> _Data_:

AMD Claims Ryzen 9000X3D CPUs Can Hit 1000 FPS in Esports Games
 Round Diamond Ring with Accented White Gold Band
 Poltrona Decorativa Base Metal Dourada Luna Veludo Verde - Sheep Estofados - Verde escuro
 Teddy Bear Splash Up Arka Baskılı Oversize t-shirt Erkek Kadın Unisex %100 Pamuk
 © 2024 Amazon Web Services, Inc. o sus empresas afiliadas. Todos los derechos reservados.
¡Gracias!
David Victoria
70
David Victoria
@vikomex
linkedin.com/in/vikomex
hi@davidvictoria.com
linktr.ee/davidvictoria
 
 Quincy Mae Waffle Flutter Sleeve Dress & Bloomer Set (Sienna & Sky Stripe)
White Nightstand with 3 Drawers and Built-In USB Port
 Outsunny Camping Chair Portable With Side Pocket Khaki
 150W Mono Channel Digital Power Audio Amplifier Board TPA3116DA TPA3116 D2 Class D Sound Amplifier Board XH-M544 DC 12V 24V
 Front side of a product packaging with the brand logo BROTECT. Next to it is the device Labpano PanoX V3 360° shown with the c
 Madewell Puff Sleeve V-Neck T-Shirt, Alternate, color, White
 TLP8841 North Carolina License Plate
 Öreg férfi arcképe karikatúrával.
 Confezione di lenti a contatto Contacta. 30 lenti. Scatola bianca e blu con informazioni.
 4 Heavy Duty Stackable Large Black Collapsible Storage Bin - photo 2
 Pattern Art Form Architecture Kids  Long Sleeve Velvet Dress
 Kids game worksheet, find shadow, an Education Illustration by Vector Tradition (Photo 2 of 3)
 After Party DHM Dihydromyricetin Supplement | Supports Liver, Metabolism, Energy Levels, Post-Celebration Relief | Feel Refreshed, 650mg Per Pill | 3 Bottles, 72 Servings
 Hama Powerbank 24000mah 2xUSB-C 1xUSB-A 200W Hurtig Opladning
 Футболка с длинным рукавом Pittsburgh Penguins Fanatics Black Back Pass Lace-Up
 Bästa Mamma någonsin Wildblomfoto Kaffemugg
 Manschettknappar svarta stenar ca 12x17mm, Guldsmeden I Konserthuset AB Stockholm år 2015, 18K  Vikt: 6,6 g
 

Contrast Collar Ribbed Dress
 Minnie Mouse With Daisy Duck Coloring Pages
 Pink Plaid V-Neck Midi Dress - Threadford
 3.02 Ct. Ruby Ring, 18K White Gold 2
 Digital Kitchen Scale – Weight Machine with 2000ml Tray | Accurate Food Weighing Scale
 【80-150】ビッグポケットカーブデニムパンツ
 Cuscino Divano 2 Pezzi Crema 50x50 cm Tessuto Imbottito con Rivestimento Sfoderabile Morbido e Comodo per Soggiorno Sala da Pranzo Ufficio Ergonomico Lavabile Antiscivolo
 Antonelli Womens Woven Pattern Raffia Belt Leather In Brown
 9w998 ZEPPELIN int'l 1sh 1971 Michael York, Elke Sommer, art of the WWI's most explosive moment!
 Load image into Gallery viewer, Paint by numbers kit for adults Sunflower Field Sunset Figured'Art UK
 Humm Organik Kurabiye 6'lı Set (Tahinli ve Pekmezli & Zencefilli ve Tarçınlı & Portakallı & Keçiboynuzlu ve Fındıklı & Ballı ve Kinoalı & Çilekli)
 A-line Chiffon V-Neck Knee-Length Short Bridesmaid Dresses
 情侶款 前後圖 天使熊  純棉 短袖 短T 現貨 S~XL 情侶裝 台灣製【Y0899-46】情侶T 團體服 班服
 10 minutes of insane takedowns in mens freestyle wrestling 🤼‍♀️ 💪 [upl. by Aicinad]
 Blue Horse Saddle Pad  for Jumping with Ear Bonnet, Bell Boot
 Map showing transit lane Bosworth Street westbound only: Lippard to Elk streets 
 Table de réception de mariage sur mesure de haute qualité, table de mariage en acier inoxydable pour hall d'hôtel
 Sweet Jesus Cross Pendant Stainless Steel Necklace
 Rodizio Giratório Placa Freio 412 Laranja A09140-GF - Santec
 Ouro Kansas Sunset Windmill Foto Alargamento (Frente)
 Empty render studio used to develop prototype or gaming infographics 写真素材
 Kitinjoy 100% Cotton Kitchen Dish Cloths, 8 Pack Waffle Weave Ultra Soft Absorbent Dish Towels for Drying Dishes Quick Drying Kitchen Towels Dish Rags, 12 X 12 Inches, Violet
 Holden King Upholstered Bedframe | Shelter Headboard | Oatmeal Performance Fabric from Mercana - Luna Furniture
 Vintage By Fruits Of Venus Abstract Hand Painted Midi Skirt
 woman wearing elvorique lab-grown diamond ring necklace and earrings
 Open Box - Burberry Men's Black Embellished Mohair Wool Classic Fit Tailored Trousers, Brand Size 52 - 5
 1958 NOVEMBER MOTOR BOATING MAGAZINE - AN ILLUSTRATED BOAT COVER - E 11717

> _Action item_: Your answer must be every record above, set down exactly as written.

> _Expected output_:
AMD Claims Ryzen 9000X3D CPUs Can Hit 1000 FPS in Esports Games
 Round Diamond Ring with Accented White Gold Band
 Poltrona Decorativa Base Metal Dourada Luna Veludo Verde - Sheep Estofados - Verde escuro
 Teddy Bear Splash Up Arka Baskılı Oversize t-shirt Erkek Kadın Unisex %100 Pamuk
 © 2024 Amazon Web Services, Inc. o sus empresas afiliadas. Todos los derechos reservados.
¡Gracias!
David Victoria
70
David Victoria
@vikomex
linkedin.com/in/vikomex
hi@davidvictoria.com
linktr.ee/davidvictoria
 
 Quincy Mae Waffle Flutter Sleeve Dress & Bloomer Set (Sienna & Sky Stripe)
White Nightstand with 3 Drawers and Built-In USB Port
 Outsunny Camping Chair Portable With Side Pocket Khaki
 150W Mono Channel Digital Power Audio Amplifier Board TPA3116DA TPA3116 D2 Class D Sound Amplifier Board XH-M544 DC 12V 24V
 Front side of a product packaging with the brand logo BROTECT. Next to it is the device Labpano PanoX V3 360° shown with the c
 Madewell Puff Sleeve V-Neck T-Shirt, Alternate, color, White
 TLP8841 North Carolina License Plate
 Öreg férfi arcképe karikatúrával.
 Confezione di lenti a contatto Contacta. 30 lenti. Scatola bianca e blu con informazioni.
 4 Heavy Duty Stackable Large Black Collapsible Storage Bin - photo 2
 Pattern Art Form Architecture Kids  Long Sleeve Velvet Dress
 Kids game worksheet, find shadow, an Education Illustration by Vector Tradition (Photo 2 of 3)
 After Party DHM Dihydromyricetin Supplement | Supports Liver, Metabolism, Energy Levels, Post-Celebration Relief | Feel Refreshed, 650mg Per Pill | 3 Bottles, 72 Servings
 Hama Powerbank 24000mah 2xUSB-C 1xUSB-A 200W Hurtig Opladning
 Футболка с длинным рукавом Pittsburgh Penguins Fanatics Black Back Pass Lace-Up
 Bästa Mamma någonsin Wildblomfoto Kaffemugg
 Manschettknappar svarta stenar ca 12x17mm, Guldsmeden I Konserthuset AB Stockholm år 2015, 18K  Vikt: 6,6 g
 

Contrast Collar Ribbed Dress
 Minnie Mouse With Daisy Duck Coloring Pages
 Pink Plaid V-Neck Midi Dress - Threadford
 3.02 Ct. Ruby Ring, 18K White Gold 2
 Digital Kitchen Scale – Weight Machine with 2000ml Tray | Accurate Food Weighing Scale
 【80-150】ビッグポケットカーブデニムパンツ
 Cuscino Divano 2 Pezzi Crema 50x50 cm Tessuto Imbottito con Rivestimento Sfoderabile Morbido e Comodo per Soggiorno Sala da Pranzo Ufficio Ergonomico Lavabile Antiscivolo
 Antonelli Womens Woven Pattern Raffia Belt Leather In Brown
 9w998 ZEPPELIN int'l 1sh 1971 Michael York, Elke Sommer, art of the WWI's most explosive moment!
 Load image into Gallery viewer, Paint by numbers kit for adults Sunflower Field Sunset Figured'Art UK
 Humm Organik Kurabiye 6'lı Set (Tahinli ve Pekmezli & Zencefilli ve Tarçınlı & Portakallı & Keçiboynuzlu ve Fındıklı & Ballı ve Kinoalı & Çilekli)
 A-line Chiffon V-Neck Knee-Length Short Bridesmaid Dresses
 情侶款 前後圖 天使熊  純棉 短袖 短T 現貨 S~XL 情侶裝 台灣製【Y0899-46】情侶T 團體服 班服
 10 minutes of insane takedowns in mens freestyle wrestling 🤼‍♀️ 💪 [upl. by Aicinad]
 Blue Horse Saddle Pad  for Jumping with Ear Bonnet, Bell Boot
 Map showing transit lane Bosworth Street westbound only: Lippard to Elk streets 
 Table de réception de mariage sur mesure de haute qualité, table de mariage en acier inoxydable pour hall d'hôtel
 Sweet Jesus Cross Pendant Stainless Steel Necklace
 Rodizio Giratório Placa Freio 412 Laranja A09140-GF - Santec
 Ouro Kansas Sunset Windmill Foto Alargamento (Frente)
 Empty render studio used to develop prototype or gaming infographics 写真素材
 Kitinjoy 100% Cotton Kitchen Dish Cloths, 8 Pack Waffle Weave Ultra Soft Absorbent Dish Towels for Drying Dishes Quick Drying Kitchen Towels Dish Rags, 12 X 12 Inches, Violet
 Holden King Upholstered Bedframe | Shelter Headboard | Oatmeal Performance Fabric from Mercana - Luna Furniture
 Vintage By Fruits Of Venus Abstract Hand Painted Midi Skirt
 woman wearing elvorique lab-grown diamond ring necklace and earrings
 Open Box - Burberry Men's Black Embellished Mohair Wool Classic Fit Tailored Trousers, Brand Size 52 - 5
 1958 NOVEMBER MOTOR BOATING MAGAZINE - AN ILLUSTRATED BOAT COVER - E 11717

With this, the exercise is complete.